Updated on 2026-06-16 GMT+08:00

Hierarchical Queues

In multi-tenant scenarios, queues are a core mechanism for fair scheduling, resource isolation, and job priority control. In real-world applications, different queues usually belong to different departments, and there are hierarchical relationships between departments, which lead to more refined requirements for resource allocation and preemption. However, traditional peer queues cannot meet such requirements. To address this issue, the Volcano scheduler introduces hierarchical queues to implement resource allocation, sharing, and preemption between queues at different levels. With hierarchical queues, you can manage resource quotas at a finer granularity and build a more efficient unified scheduling platform.

Introduction to Hierarchical Queues

Hierarchical queues are used to implement hierarchical resource allocation and isolation in a multi-tenant cluster environment. Queues are organized in a tree structure, with the following functions:

  • The queue hierarchy can be configured. The parent attribute is added to QueueSpec of Volcano Scheduler. When creating a queue, you can use the parent attribute to specify the parent queue that a queue belongs to.
    type QueueSpec struct {
        ...
       // Specify the parent queue that a queue belongs to.
        Parent string `json:"parent,omitempty" protobuf:"bytes,8,opt,name=parent"`
        ...
    }

    After Volcano Scheduler is started, a root queue is created by default. You can create a hierarchical queue tree based on the root queue.

  • You can configure capability, the upper limit of a queue's resource capacity (pods that exceed this limit cannot be scheduled), deserved (if a queue's allocated resources exceed its configured deserved value, the excess may be reclaimed), and guarantee (resources reserved for a queue and cannot be shared with other queues) for each resource dimension.
  • Resources can be shared and reclaimed across hierarchical queues. When no other queues are submitting tasks, queues in the cluster can use resources beyond their reserved amounts, allowing their workloads to exceed the configured deserved value. When multiple queues submit tasks and cluster resources become insufficient to schedule new pods, the system can reclaim shared resources from queues at other levels.

    In Figure 1, Job A and Job C are submitted first, and both the allocated resources of the queues exceed the deserved value. If the cluster does not have enough resources to run Job B, the system attempts to reclaim resources from Job A and Job C to satisfy Job B's requirements.

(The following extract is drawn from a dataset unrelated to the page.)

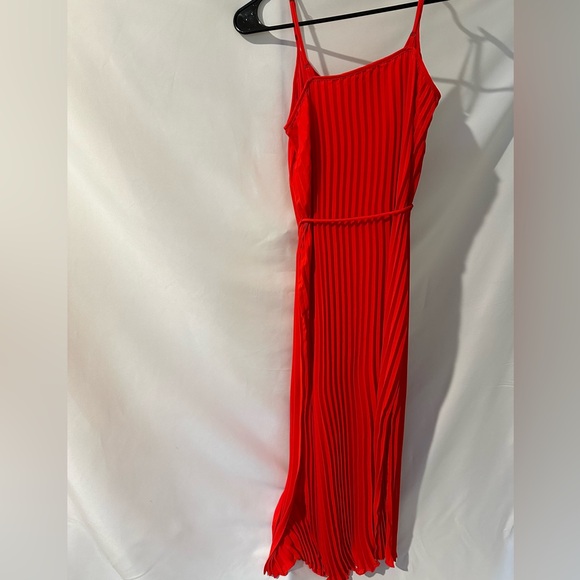 New with tags; Banana republic red optional tie waist - Picture 2 of 6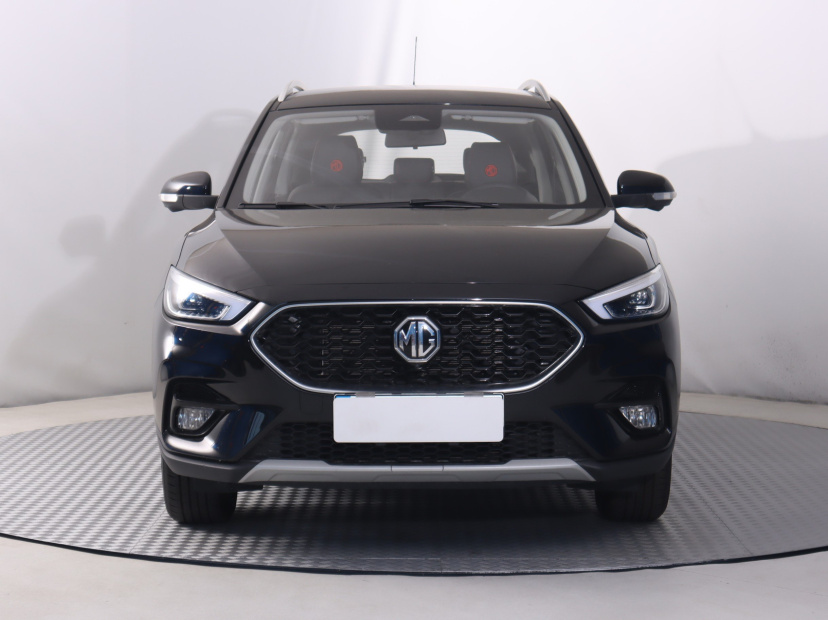 MG ZS SUV, 2025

    Figure 1 Reclaiming resources of hierarchical queues

Prerequisites

Notes and Constraints

  • Queue resource management and scheduling support only CPUs, memory, and native heterogeneous resources (such as nvidia.com/gpu), but not virtualized heterogeneous resources.

Configuring a Hierarchical Queue Policy

After configuring a hierarchical queue policy, you can specify the hierarchical relationships between queues for sharing and reclaiming resources across queues and managing resource quotas at a finer granularity.

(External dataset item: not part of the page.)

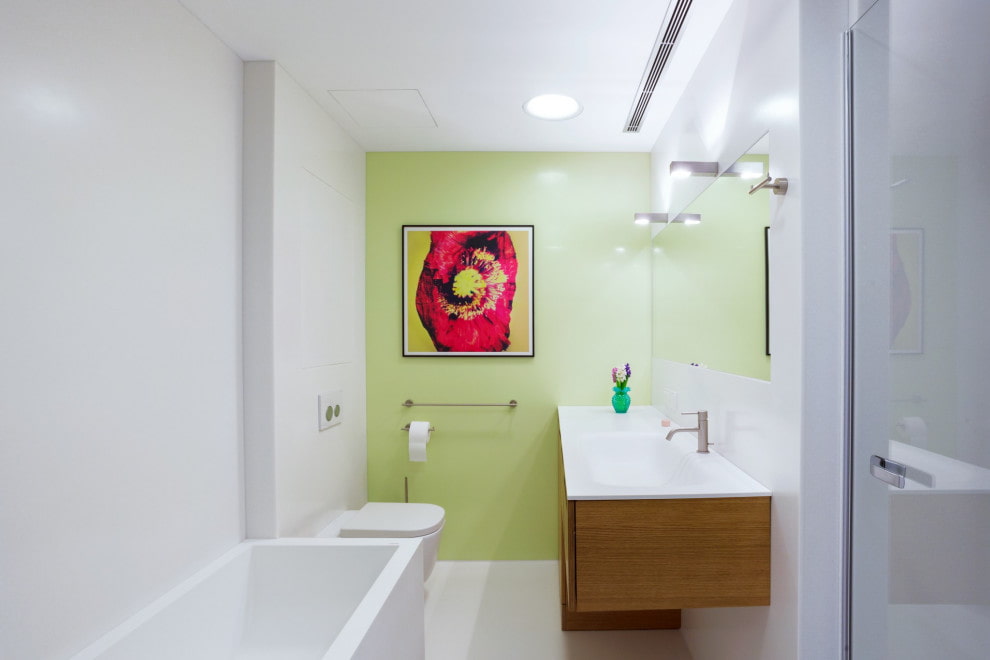 Ванная комната в стиле минимализм с белой плиткой и акцентной стеной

  1. Log in to the CCE console and click the cluster name to access the cluster console.
  2. In the navigation pane, choose Settings. Then click the Scheduling tab.
  3. In the Volcano Scheduler configuration, hierarchical queues are disabled by default. You need to modify the parameters to enable this feature.

    1. In Default Cluster Scheduler > Expert mode, click Try Now.
      Figure 2 Expert mode > Try Now

    2. Ensure that capacity has been enabled and set enableHierarchy to true. The hierarchical queue capability relies on the capacity plug-in. You also need to enable the reclaim action for resource reclamation between queues. When queue resources are insufficient, resource reclamation is triggered. The system preferentially reclaims resources that exceed the deserved value of the queue and selects an appropriate reclamation object based on the queue/job priority.

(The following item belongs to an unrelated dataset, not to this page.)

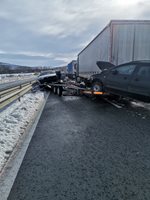 Водач на лек автомобил е пострадал при ПТП с тежкотоварен автомобил на път Е 79 край село Горна Вереница, общ. Монтана.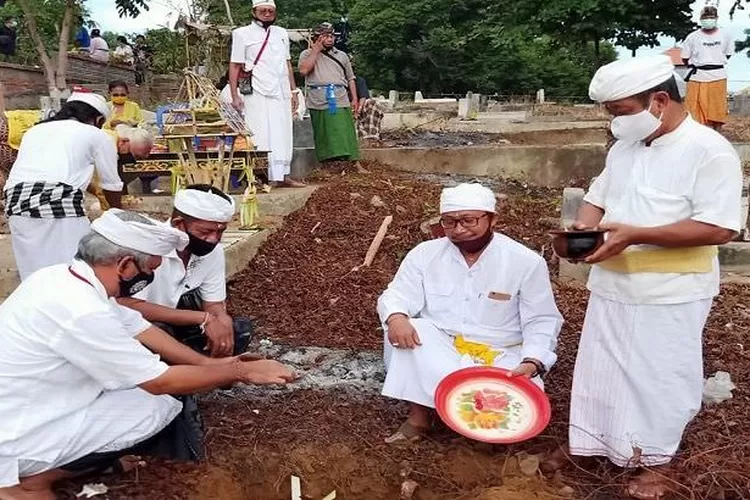 Bantu Masyarakat Kurang Mampu Desa Adat Buleleng Dirikan Krematorium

      To enable inter-queue sharing and reclamation of GPU resources, set enable_topology_aware_preemption to true to allow for the reclamation and preemption of GPU resources across cards.

      The capacity and proportion plug-ins cannot be used together. When using capacity, make sure that all proportion plug-in settings have been removed. In addition, verify that capacity has been added to the tier referenced in the YAML example below.

      Add the following parameters to the YAML file:
      ...
      default_scheduler_conf:
        actions: allocate, backfill, preempt, reclaim     # Enable the reclaim action.
        metrics:
          interval: 30s
          type: ''
        tiers:
          - plugins:
              - name: priority
              - enableJobStarving: false
                enablePreemptable: false 
                enableReclaimable: false          
                name: gang
              - name: conformance
              - name: capacity             # Confirm whether to enable capacity.
                enableHierarchy: true     # Confirm whether to enable hierarchical queues.
          - plugins:
              - enablePreemptable: false
                enableReclaimable: false
                name: drf
              - name: predicates
              - name: nodeorder
              - arguments:
                  binpack.cpu: 1
                  binpack.memory: 1
                  binpack.resources: nvidia.com/gpu
                  binpack.resources.nvidia.com/gpu: 2
                  binpack.weight: 10
                name: binpack
      ...
      descheduler_enable: 'false'
      deschedulingInterval: 10m
      enable_scale_in_score: true
      enable_topology_aware_preemption: true # To share and reclaim GPU resources among queues, enable topology-aware preemption.
      enable_workload_balancer: false
      oversubscription_method: nodeResource
      ...
    3. Click Save in the lower right corner.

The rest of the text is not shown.